Friday 13 July 2007

Hale banter #2


Sorry for the delay in update. If I'm being honest, I did chronicle the last two weeks of carnage, but the first night was a carbon copy of every other night in 42nd Street, and last friday's Smith's Night went a bit wrong. I only took 4 photos and I woke up on jobber's bathroom floor at 6am. Not good...


Anyways, back to reality. I've taken some leave to do fuck all with. I'm moving to Glasgow soon so I've gotta use up all my time off

So basically the past few days have been spent getting Alty into the Premiership on Football Manager.

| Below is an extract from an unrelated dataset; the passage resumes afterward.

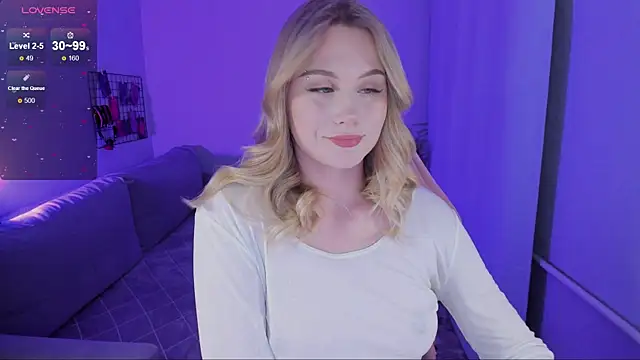 Snapshot of Honey_blonde chatting on October 7, 2025, 9:16 pm Honey blonde online show from October 7, 2025, 9:16 pm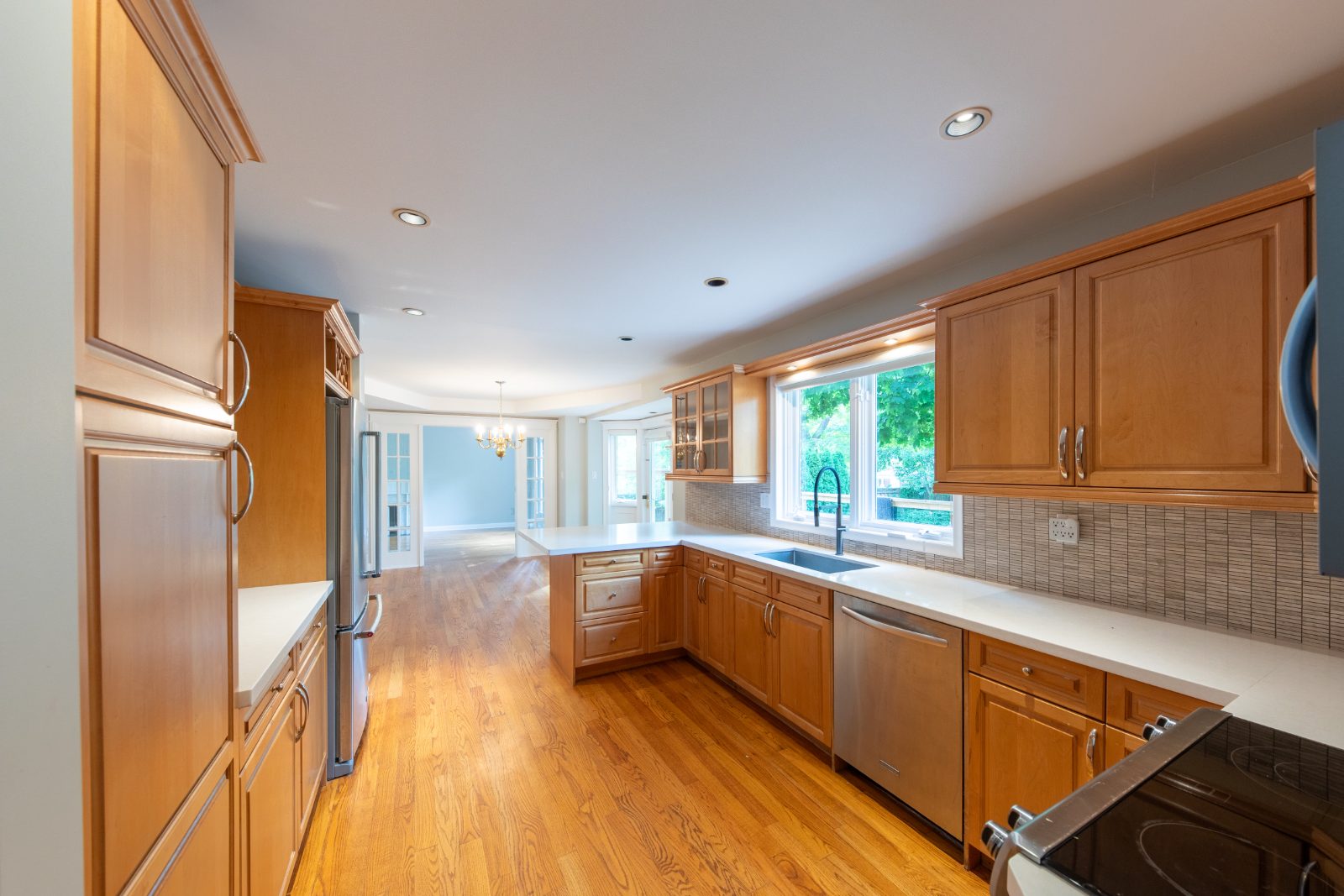Kitchen with breakfast area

Oh, and other things, like watching The Thick of It, Maid Marion, Purple Rain etc

Luckily golds was ready to rescue me from my 'soul searching' and picked me up in his fiesta for some banter in Hale

But before I left, I thought that seeing as I've encroached into http://EpiclyTolstoy.blogspot.com territory, I may as well go the whole hog and mimick his whole mirror thing that he likes to do on every post before he goes out

S was in the car with us, and we spotted a fat man in a kind of dress. I tried to capture him, but panicked and got my leg instead

Golds told us that he tried to rope Bigman into proceedings but his excuse was he would never finish his tea by 8pm so he wouldnt come. For some reason the Botting's and the Jones' eat late like spaniards

golds diced death by trying to pose and drive at the same time. He is that vain
S gave us his boyband pose in front of Hale Railway Crossing
we went the cheshire midland first. Me and S thought the barmaid was slavic due to her dress sense, but it turns out she was just a badly dressed english barmaid

they were really fizzy pints as well.
Golds was telling S how he's looking into a holiday to Kos in August. Turns out that S is going that exact same time with his missus, so they were both trying to ensure Golds books the same place as S in Kos. I'm sure his girlfriend will be delighted.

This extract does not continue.